Un rôle économique et diplomatique majeur
Sa nomination à la présidence de la Chambre Monégasque du Yachting confirme une influence qui dépasse désormais le cadre institutionnel du club.
À travers cette fonction, il participe directement à la structuration d’un secteur qui représente l’un des piliers économiques de la Principauté, tout en consolidant son rayonnement international.
Dans les cercles du superyachting, il est perçu comme un interlocuteur capable de relier les intérêts privés, les stratégies étatiques et les dynamiques industrielles.
Un homme de mer avant tout
Malgré cette trajectoire institutionnelle, le socle reste identique : la passion maritime. Ceux qui travaillent à ses côtés décrivent un homme guidé par la culture du collectif, la discipline du monde nautique et une vision profondément européenne du yachting, où tradition et innovation ne s’opposent jamais.
Sa longévité exceptionnelle à la tête du Yacht Club n’est pas seulement un record de gouvernance. Elle traduit une continuité stratégique qui a permis à Monaco de conserver une position dominante dans un secteur devenu ultra-compétitif.

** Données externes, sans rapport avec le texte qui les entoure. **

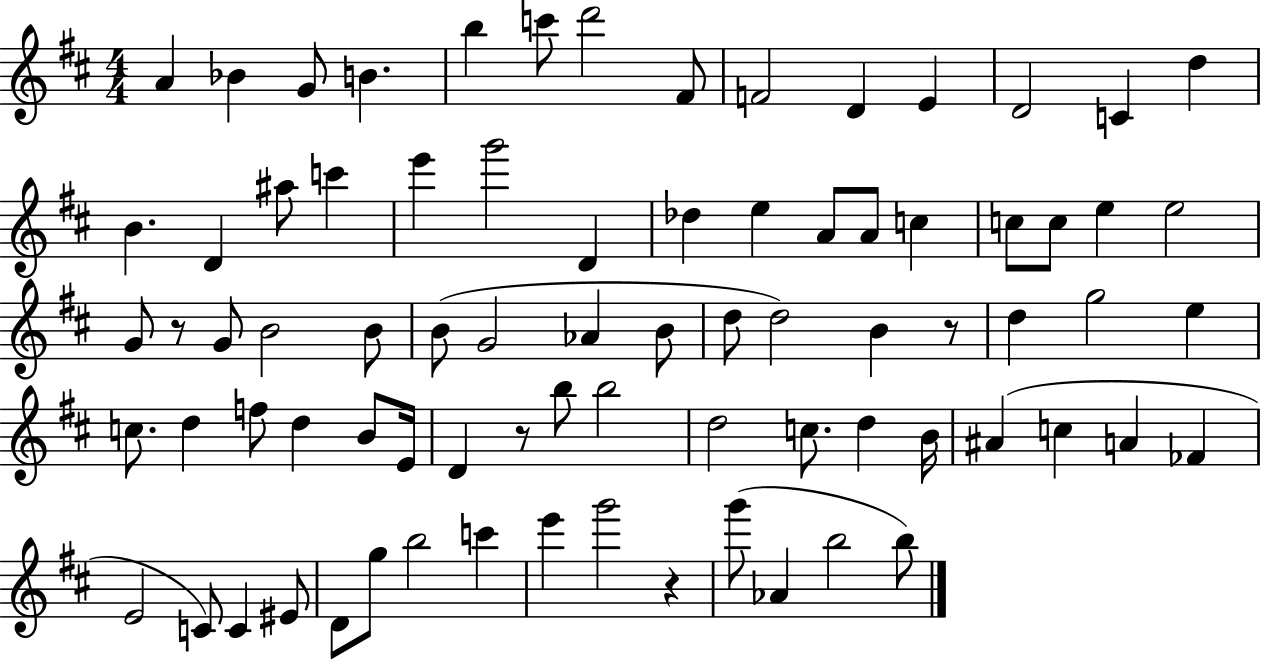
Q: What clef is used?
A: treble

Le Yacht Club comme soft power monégasque
Sous son pilotage, le Yacht Club de Monaco est devenu bien plus qu’un cercle privé. Il fonctionne comme un instrument de soft power, un lieu où se rencontrent diplomatie économique, lifestyle et innovation maritime.
Dans une géographie mondiale du yachting en mutation, Méditerranée, Moyen-Orient, Caraïbes, Monaco conserve ainsi un rôle de référence, non par sa taille, mais par sa capacité à produire des standards. Et cette capacité porte une signature : celle de Bernard d’Alessandri.
Avec lui, le yachting monégasque a cessé d’être uniquement un symbole de prestige pour devenir une industrie structurée, un laboratoire environnemental et un vecteur d’influence internationale. Dans l’économie de l’ultra-luxe comme dans la diplomatie maritime, rares sont les profils capables d’inscrire leur action sur un demi-siècle tout en restant tournés vers l’avenir. Bernard d’Alessandri appartient à cette catégorie.